__TASK REQUIREMENTS__: For the data below, give again exactly the lines from the one containing "2024 TRIUMPH SPEED TWIN 1200" through the one containing "Urocza ręcznie wykonana", both ends included, and no others.

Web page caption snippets
···

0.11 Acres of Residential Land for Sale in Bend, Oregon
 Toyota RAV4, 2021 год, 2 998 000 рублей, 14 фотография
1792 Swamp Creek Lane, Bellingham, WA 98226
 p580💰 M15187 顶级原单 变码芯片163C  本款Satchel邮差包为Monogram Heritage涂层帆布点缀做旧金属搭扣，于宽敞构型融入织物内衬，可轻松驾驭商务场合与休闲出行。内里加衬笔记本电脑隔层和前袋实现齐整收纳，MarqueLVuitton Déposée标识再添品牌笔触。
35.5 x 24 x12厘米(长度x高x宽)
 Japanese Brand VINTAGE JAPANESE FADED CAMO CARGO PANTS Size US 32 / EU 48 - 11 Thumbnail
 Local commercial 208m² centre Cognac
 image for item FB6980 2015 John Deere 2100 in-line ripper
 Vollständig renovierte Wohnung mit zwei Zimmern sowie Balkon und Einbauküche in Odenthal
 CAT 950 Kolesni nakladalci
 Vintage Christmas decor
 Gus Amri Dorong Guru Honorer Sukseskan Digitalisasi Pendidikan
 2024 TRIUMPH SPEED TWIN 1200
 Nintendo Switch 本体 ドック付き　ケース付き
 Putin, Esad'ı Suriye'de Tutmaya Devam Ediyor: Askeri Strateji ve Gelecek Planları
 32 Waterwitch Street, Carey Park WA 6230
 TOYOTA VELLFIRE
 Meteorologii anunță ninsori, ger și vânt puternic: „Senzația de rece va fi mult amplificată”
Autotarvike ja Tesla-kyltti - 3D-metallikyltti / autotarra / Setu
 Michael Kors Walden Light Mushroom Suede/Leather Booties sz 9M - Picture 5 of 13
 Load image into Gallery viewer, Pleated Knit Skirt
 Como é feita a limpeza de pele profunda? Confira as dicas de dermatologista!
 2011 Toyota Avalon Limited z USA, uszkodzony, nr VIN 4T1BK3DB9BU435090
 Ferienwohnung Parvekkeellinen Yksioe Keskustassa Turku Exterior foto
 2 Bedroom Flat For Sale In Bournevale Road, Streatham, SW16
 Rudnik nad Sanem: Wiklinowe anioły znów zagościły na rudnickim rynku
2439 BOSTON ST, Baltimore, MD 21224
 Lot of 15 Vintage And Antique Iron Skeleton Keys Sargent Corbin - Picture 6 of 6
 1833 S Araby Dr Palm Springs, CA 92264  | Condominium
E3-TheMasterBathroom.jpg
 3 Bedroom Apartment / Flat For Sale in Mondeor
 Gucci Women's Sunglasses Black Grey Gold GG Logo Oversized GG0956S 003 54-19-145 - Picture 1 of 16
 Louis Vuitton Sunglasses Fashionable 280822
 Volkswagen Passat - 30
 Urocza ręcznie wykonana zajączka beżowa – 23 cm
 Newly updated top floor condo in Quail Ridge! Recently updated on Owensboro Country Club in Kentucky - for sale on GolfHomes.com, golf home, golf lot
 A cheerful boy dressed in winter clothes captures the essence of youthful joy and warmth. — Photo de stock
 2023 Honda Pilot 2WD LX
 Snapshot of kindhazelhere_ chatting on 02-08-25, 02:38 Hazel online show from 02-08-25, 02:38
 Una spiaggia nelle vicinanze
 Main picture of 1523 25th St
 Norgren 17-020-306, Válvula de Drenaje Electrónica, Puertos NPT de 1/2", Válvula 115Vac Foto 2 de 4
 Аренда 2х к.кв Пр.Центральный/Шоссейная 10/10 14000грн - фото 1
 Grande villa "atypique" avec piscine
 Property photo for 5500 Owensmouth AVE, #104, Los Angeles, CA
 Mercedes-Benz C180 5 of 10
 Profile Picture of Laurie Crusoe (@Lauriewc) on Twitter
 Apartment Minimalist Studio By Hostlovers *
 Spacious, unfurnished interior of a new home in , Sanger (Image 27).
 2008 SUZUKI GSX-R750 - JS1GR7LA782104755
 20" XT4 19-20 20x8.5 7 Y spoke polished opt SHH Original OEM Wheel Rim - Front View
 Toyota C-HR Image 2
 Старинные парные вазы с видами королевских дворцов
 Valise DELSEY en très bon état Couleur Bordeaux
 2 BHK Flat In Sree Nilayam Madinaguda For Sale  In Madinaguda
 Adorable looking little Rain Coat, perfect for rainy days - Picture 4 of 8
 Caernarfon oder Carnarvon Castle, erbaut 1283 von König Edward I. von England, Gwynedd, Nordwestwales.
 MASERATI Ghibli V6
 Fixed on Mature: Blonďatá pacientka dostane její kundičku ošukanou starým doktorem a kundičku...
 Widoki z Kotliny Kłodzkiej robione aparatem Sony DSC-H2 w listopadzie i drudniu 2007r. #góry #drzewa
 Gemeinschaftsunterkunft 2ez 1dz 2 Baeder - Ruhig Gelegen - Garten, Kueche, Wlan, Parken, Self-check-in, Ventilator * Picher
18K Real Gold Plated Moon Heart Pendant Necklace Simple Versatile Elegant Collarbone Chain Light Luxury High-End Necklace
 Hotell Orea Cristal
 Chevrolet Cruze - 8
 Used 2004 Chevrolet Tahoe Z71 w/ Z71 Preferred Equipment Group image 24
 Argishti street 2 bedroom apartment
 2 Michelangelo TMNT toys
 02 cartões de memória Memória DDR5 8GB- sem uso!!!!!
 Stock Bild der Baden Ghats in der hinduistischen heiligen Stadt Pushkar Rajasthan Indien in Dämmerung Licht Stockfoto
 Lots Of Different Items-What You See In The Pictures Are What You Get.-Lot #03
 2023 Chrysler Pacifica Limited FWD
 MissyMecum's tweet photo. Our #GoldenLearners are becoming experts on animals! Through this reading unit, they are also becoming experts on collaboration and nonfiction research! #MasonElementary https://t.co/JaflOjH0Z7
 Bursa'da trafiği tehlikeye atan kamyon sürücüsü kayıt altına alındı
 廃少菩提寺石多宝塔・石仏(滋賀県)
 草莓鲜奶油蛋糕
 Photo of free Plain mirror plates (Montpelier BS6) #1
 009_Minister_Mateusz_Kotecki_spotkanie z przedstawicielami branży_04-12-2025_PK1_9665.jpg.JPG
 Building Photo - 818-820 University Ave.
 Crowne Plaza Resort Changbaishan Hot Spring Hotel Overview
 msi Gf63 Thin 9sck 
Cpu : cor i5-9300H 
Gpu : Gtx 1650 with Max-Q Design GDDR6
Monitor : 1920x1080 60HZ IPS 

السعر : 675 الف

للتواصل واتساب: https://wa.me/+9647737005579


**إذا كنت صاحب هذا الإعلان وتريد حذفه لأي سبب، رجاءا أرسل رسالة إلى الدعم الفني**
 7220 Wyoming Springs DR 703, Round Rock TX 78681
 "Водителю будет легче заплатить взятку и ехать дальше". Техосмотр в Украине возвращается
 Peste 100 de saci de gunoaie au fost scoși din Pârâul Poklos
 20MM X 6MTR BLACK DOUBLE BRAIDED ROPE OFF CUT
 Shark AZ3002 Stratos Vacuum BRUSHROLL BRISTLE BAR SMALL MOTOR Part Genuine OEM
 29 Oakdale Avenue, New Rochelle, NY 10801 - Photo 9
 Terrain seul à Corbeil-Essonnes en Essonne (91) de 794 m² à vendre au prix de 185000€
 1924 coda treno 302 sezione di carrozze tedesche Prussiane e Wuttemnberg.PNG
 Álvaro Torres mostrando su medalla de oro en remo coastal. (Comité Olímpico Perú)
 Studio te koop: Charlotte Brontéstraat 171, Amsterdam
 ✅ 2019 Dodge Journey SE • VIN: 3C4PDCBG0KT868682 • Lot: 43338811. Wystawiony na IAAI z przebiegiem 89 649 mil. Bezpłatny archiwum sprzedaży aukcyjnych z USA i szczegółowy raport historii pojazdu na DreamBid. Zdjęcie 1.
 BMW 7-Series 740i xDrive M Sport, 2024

···

__EXERCISE RESPONSE__:
 2024 TRIUMPH SPEED TWIN 1200
 Nintendo Switch 本体 ドック付き　ケース付き
 Putin, Esad'ı Suriye'de Tutmaya Devam Ediyor: Askeri Strateji ve Gelecek Planları
 32 Waterwitch Street, Carey Park WA 6230
 TOYOTA VELLFIRE
 Meteorologii anunță ninsori, ger și vânt puternic: „Senzația de rece va fi mult amplificată”
Autotarvike ja Tesla-kyltti - 3D-metallikyltti / autotarra / Setu
 Michael Kors Walden Light Mushroom Suede/Leather Booties sz 9M - Picture 5 of 13
 Load image into Gallery viewer, Pleated Knit Skirt
 Como é feita a limpeza de pele profunda? Confira as dicas de dermatologista!
 2011 Toyota Avalon Limited z USA, uszkodzony, nr VIN 4T1BK3DB9BU435090
 Ferienwohnung Parvekkeellinen Yksioe Keskustassa Turku Exterior foto
 2 Bedroom Flat For Sale In Bournevale Road, Streatham, SW16
 Rudnik nad Sanem: Wiklinowe anioły znów zagościły na rudnickim rynku
2439 BOSTON ST, Baltimore, MD 21224
 Lot of 15 Vintage And Antique Iron Skeleton Keys Sargent Corbin - Picture 6 of 6
 1833 S Araby Dr Palm Springs, CA 92264  | Condominium
E3-TheMasterBathroom.jpg
 3 Bedroom Apartment / Flat For Sale in Mondeor
 Gucci Women's Sunglasses Black Grey Gold GG Logo Oversized GG0956S 003 54-19-145 - Picture 1 of 16
 Louis Vuitton Sunglasses Fashionable 280822
 Volkswagen Passat - 30
 Urocza ręcznie wykonana zajączka beżowa – 23 cm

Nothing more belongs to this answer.